What angered the court most was that, the department of telecommunications, which should have taken stringent steps to collect the dues from the private telecom companies, had not only failed in its duty, but had also facilitated the private companies to dodge the payment. The court became furious to know that on January 23, 2020, the department of telecommunications had issued a direction to the accountant general, not to insist for any payment pursuant to the order passed by the Supreme Court and also not to take any coercive step till further orders.

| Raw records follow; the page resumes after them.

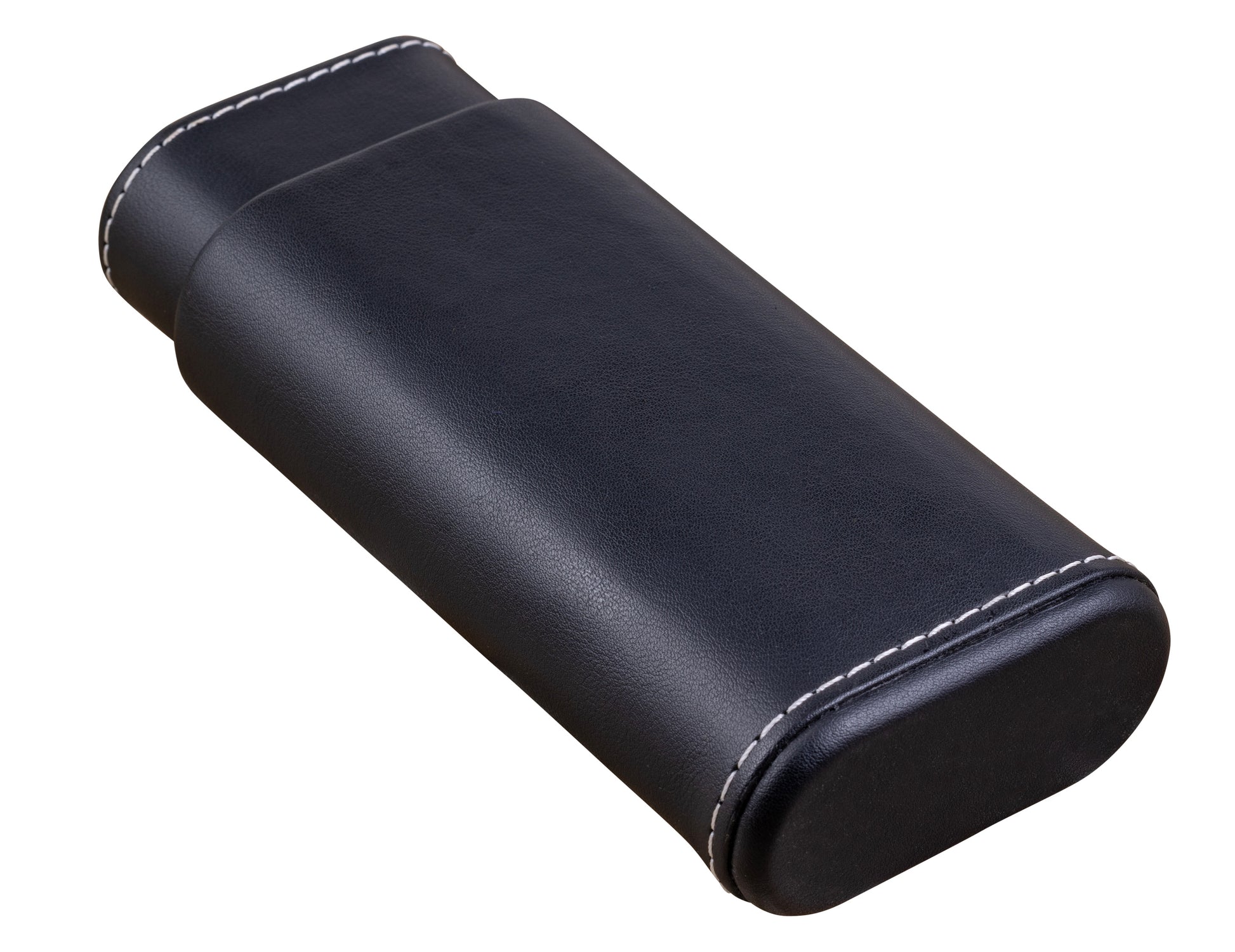 Leather Cigar Case W/ White Accent Stitching.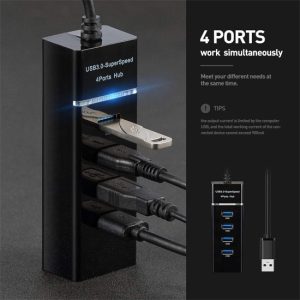 USB 3.0 Hub With 4 Ports 30CM Model : 303 - Black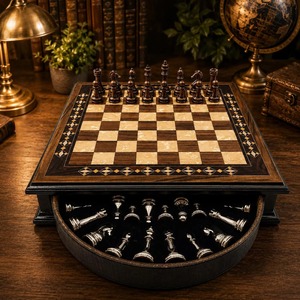 Tableros de ajedrez de madera ecológicos, portátiles, con piezas de ajedrez impresas en caja de madera, juego de ajedrez de mesa. - Product Image 3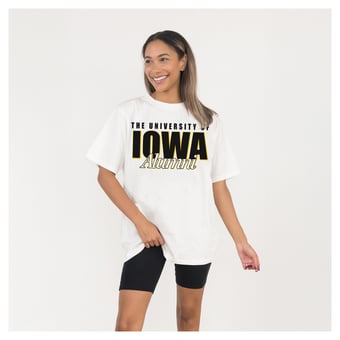Women's Gameday Couture Cream Iowa Hawkeyes Alumni Era Oversized T-Shirt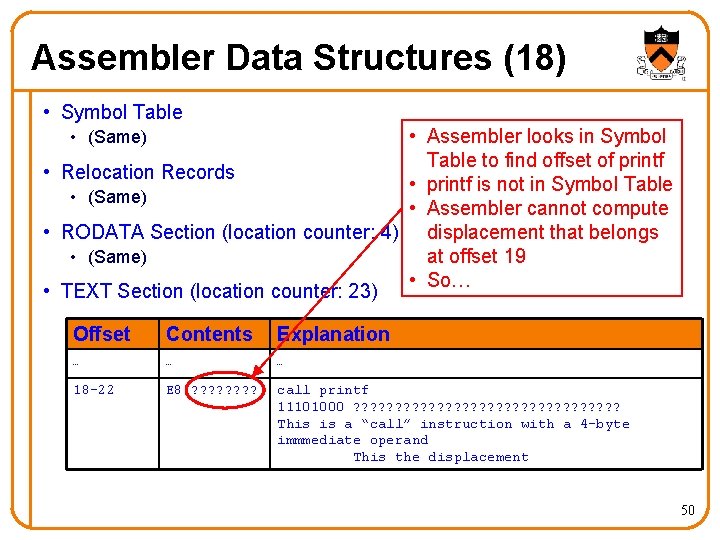 Assembler Data Structures (18) • Symbol Table • Assembler looks in Symbol Table to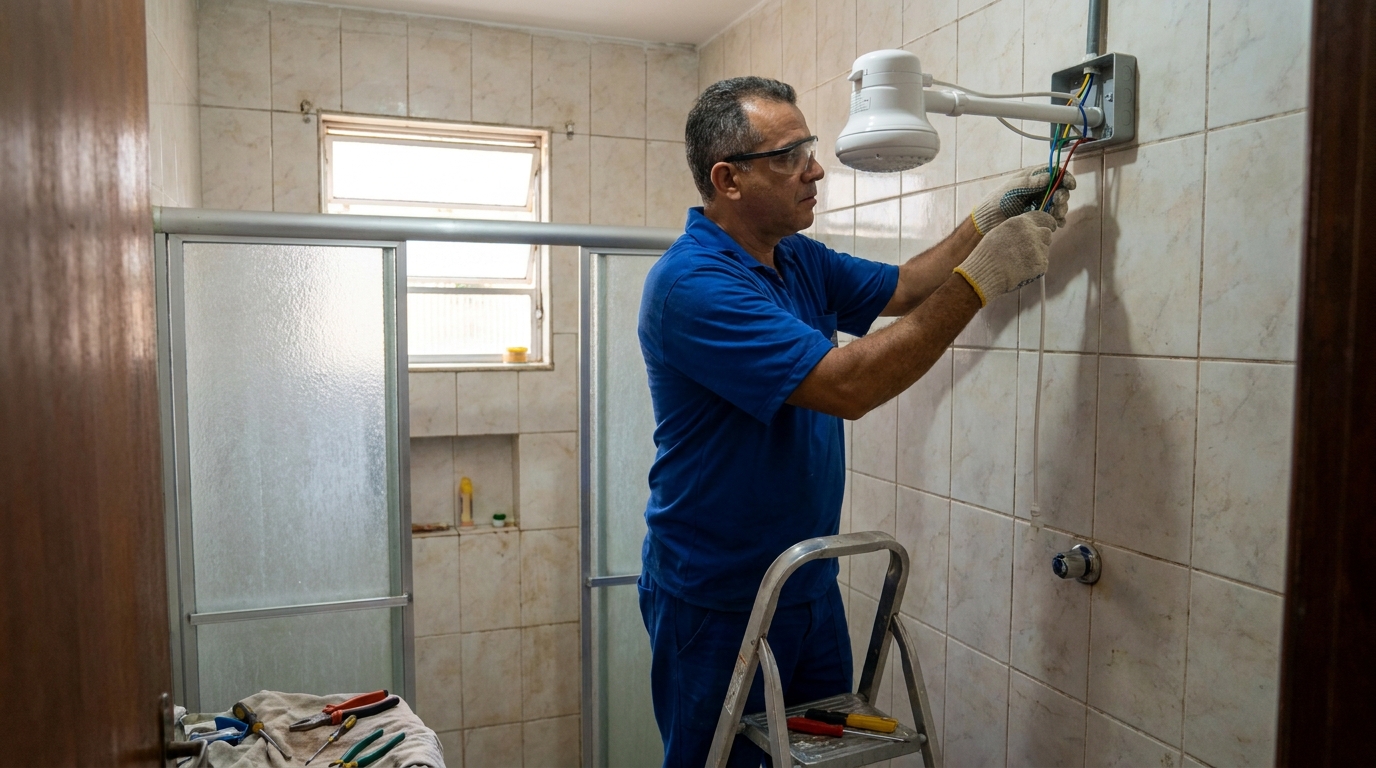 Substituição de Chuveiro Antigo em Belém‑PA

Referring to the direction given to the accountant general, Justice Arun Mishra remarked, “There is so much money power here, I am very anguished. I feel I should not work in this Court in this system.”
The genesis of this litigation dates back to the year 1999. In 1995, licences were issued to the private companies to provide telecom services. As per the licensing condition, the private telecom companies should pay a fixed amount, as licence fee. However, from 1995 to 1999 the private telecom companies did not pay their licence fee. The accumulated licence fee arrears ran into thousands of crores of rupees. In 1999, the then prime minister, Atal Bihari Vajpayee, large heartedly waived the entire licence fee arrears. Further, in the place of the fixed licence fee model, Vajpayee introduced the revenue sharing model. According to this, the private telecom companies have to pay a percentage of their revenue earnings as licence fee. Initially, the licence fee was fixed at 15 per cent of the revenue. Subsequently, it was reduced to 13 per cent and ultimately fixed at 8 per cent.
Utilising the revenue sharing model introduced by the Vajpayee government, the private telecom companies continuously understated their revenue collections, and cheated the government of its licence fee. This has been revealed a number of times. From the scrutiny made by the department of telecommunications, utilising external auditors, it has been proved that the private telecom companies had cheated the government by understating their revenue. Consequent to this, they have been made to pay the due licence fee amount to the government.
Apart from this, right from the beginning, the private telecom companies were also cheating the government of its due licence fee, by manipulating the AGR (adjusted gross revenue), based on which the licence fee is calculated. They maintain that the revenue from telecom services alone constitutes the AGR. According to them, their other revenues, such as rent, interest, revenue from sale of handsets, scraps, etc, would not come under the scope of the AGR. However, the government took the stand that the AGR includes the above items of revenue also. (Perhaps, the government of the day regrets that such a stand has been taken.) The dispute was lingering on for all these years till the judgement was given by the Supreme Court on October 24, 2020.
Two questions will certainly arise in the mind of any one who comes across the observations made by Justice Arun Mishra on February 14, 2020. The first one is related to the direction issued by the department of telecommunications to the accountant general on January 23, 2020. The attorney general, Tushar Mehta, has informed the court that two desk officers of the department of telecommunications were responsible for issuing such a direction. It is reported that, neither the minister of communications, nor the secretary, telecom, had any knowledge about it. It is certainly beyond the comprehension of any one that, some desk officers sitting in the Sanchar Bhawan, could have issued such a direction, violating the order of the Supreme Court. Here, we are unfailingly reminded of the observation made by Justice Arun Mishra, about the abundant money power.
The second question is that, why the government is not keen to implement the judgement of the Supreme Court, out of which it will get a bonanza of Rs1.47 crore? Especially, at a time when the government is facing a serious financial crunch. The media shed tears that the financial condition of the private telecom companies, especially that of Vodafone Idea, is too fragile, to bear this huge financial burden. But, where has the wealth earned by these companies from the Indian telecom industry gone? Especially, the gargantuan profits earned by these companies from 2007 to 2012, when BSNL was converted into a lame duck by none other than the government itself ? Only the government has to answer these questions.